A placebo is a substance or treatment which is designed to have no therapeutic value. Common placebos include inert tablets (like sugar pills), inert injections (like saline), sham surgery, and other procedures.
In general, placebos can affect how patients perceive their condition and encourage the body's chemical processes for relieving pain and a few other symptoms, but have no impact on the disease itself. Improvements that patients experience after being treated with a placebo can also be due to unrelated factors, such as regression to the mean (a statistical effect where an unusually high or low measurement is more likely to be followed by a less extreme one). The use of placebos in clinical medicine raises ethical concerns, especially if they are disguised as an active treatment, as this introduces dishonesty into the doctor–patient relationship and bypasses informed consent. While it was once assumed that this deception was necessary for placebos to have any effect, there is now evidence that placebos can have effects even when the patient is aware that the treatment is a placebo.

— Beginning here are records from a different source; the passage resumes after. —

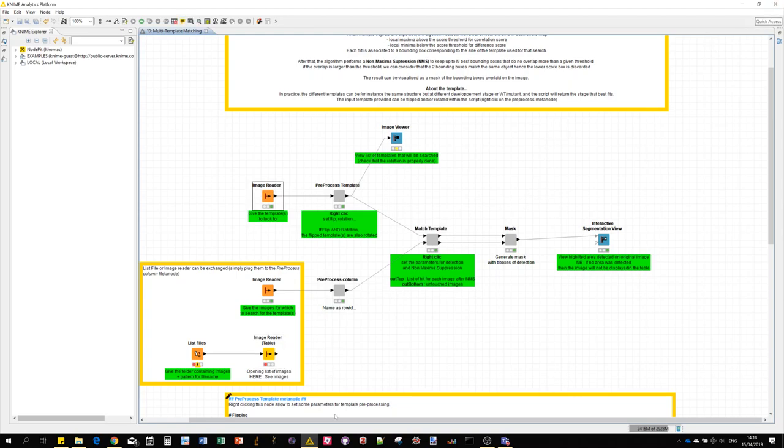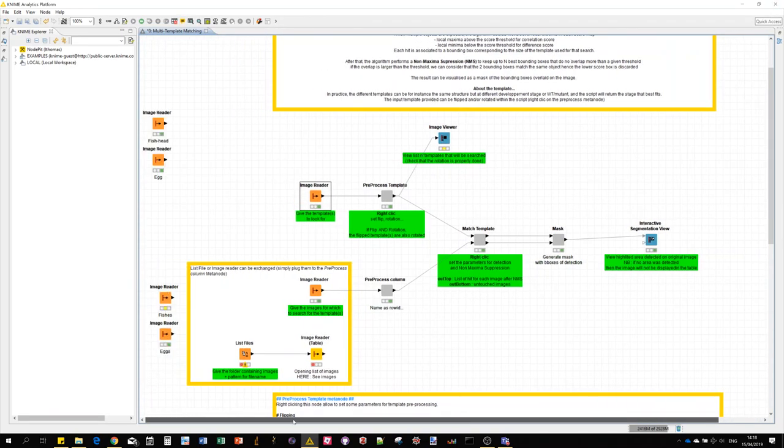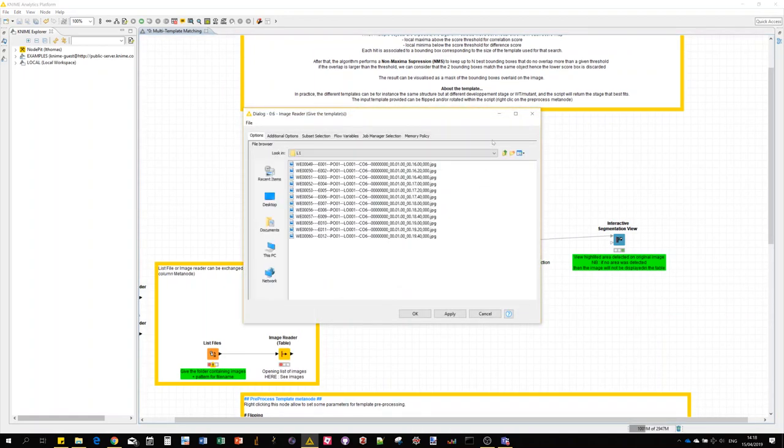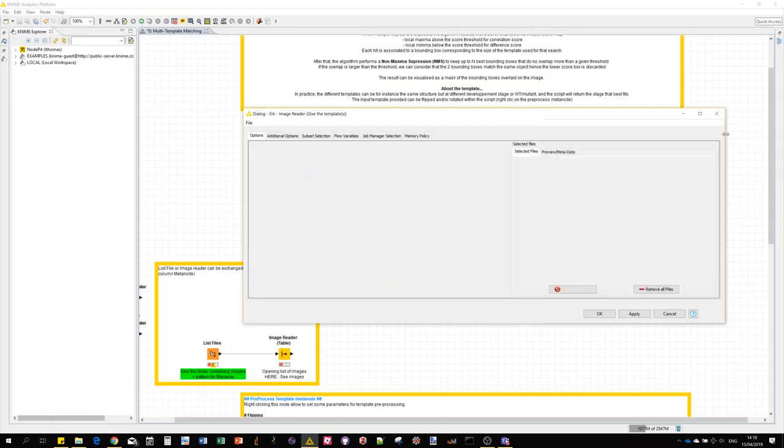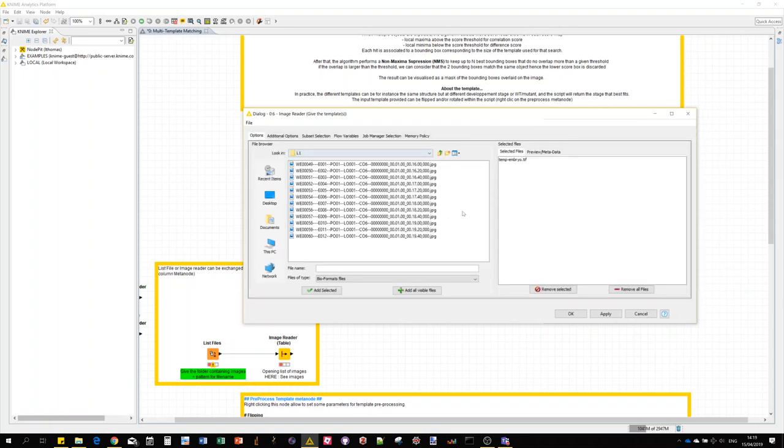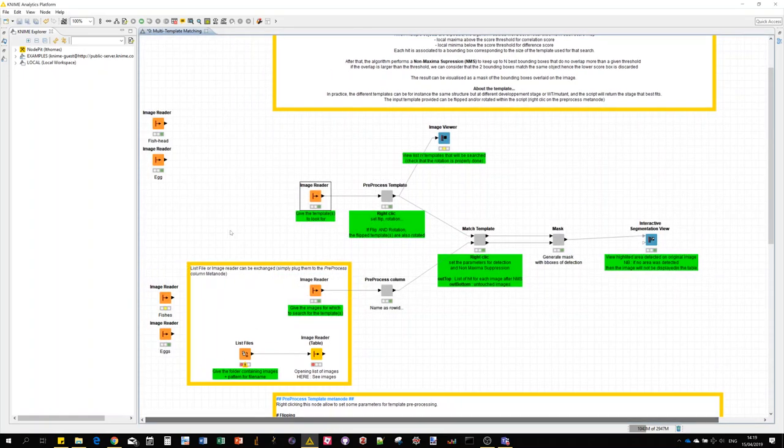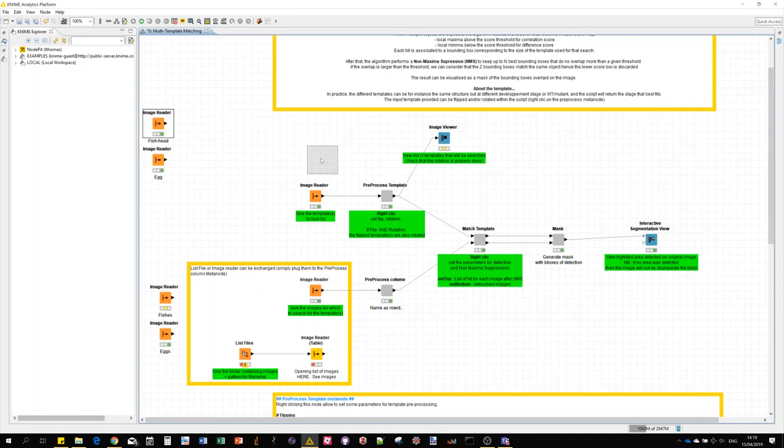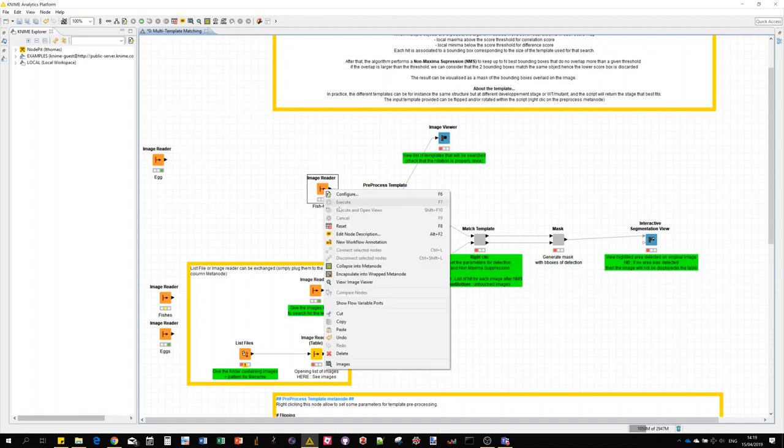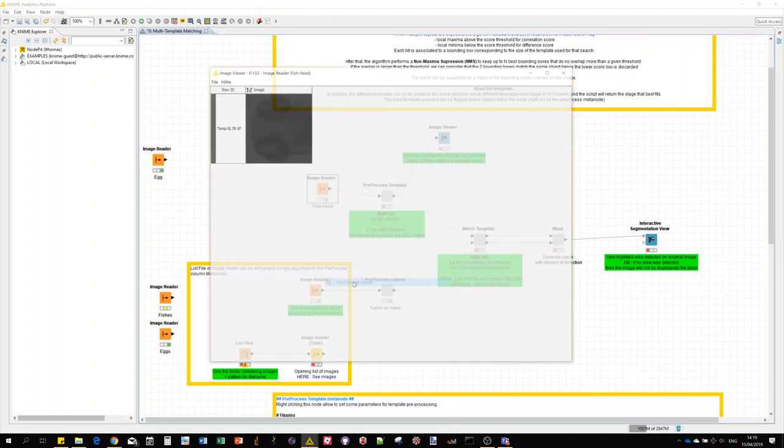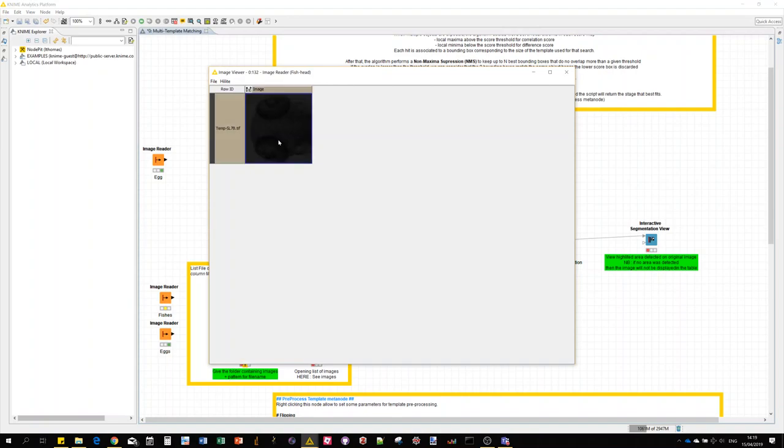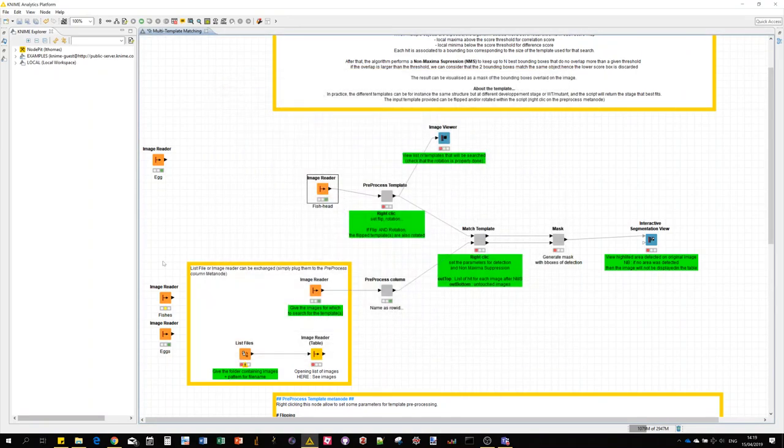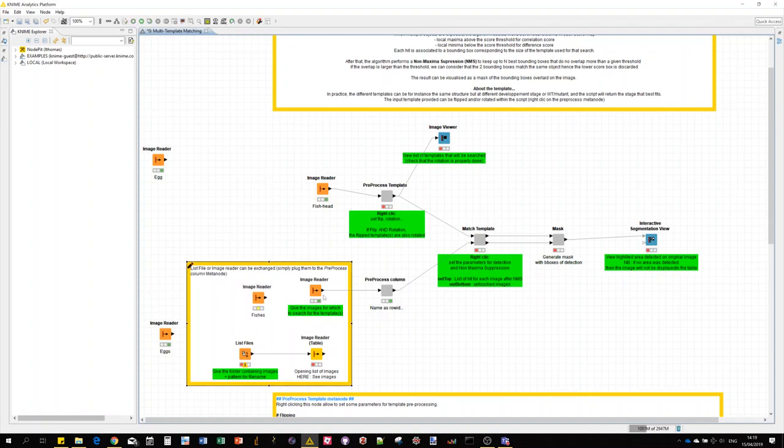Let me show you now another example with different images. I could browse again, change here to the embryo templates. Of course you can also provide a list of templates instead of a unique one, but because the whole thing is kind of modular, I already prepared my template for the next search. This time we are going to do head detection in zebrafish larvae.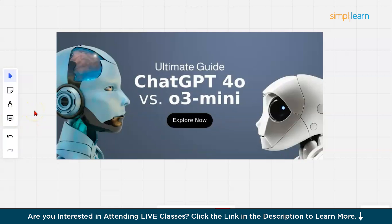So guys, we are going to discuss the O3 model today in our session. Now, what is the architecture of O3?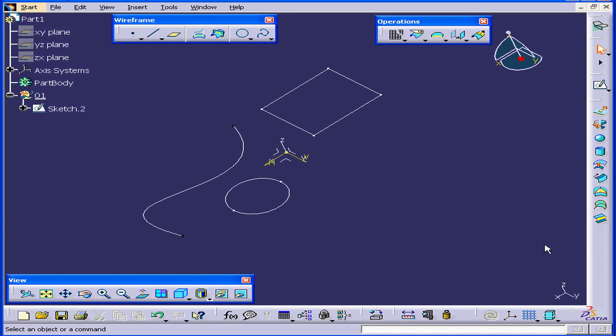Welcome to our tutorial on the Disassemble command. This command disassembles multi-celled bodies, such as this sketch, into single-celled bodies or mono-domain bodies.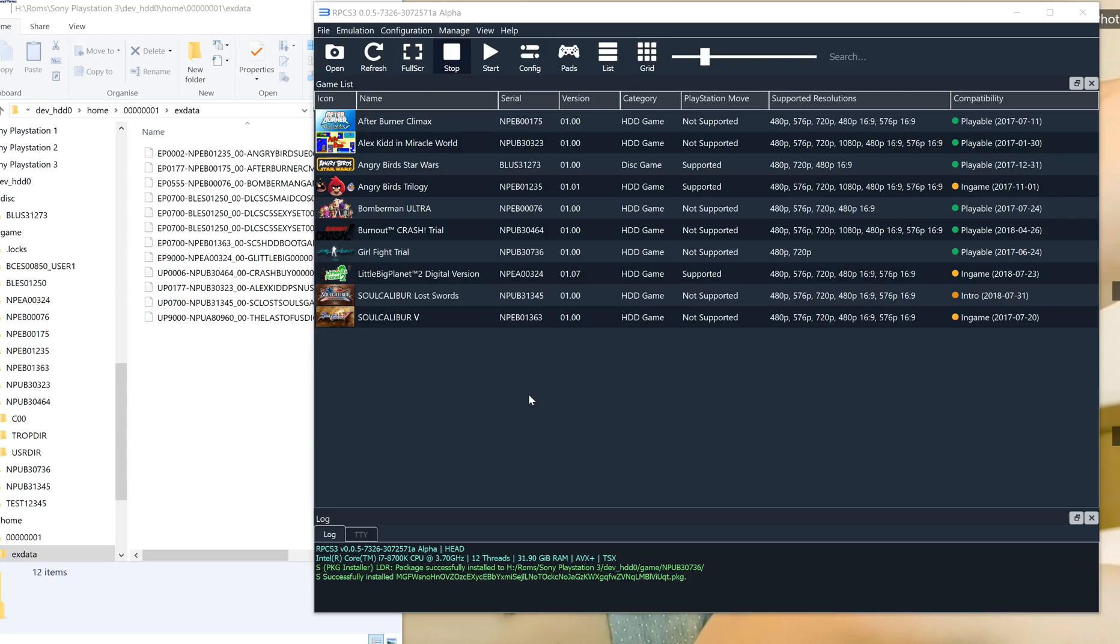Hi guys, this is a little tutorial on how to get rid of the trial version of games on RPCS3, the PlayStation 3 emulator.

Placebos can improve patient-reported outcomes such as pain and nausea. This effect is unpredictable and hard to measure, even in the best conducted trials. For example, if used to treat insomnia, placebos can cause patients to perceive that they are sleeping better, but do not improve objective measurements of sleep onset latency. A 2001 Cochrane Collaboration meta-analysis of the placebo effect looked at trials in 40 different medical conditions, and concluded the only one where it had been shown to have a significant effect was for pain.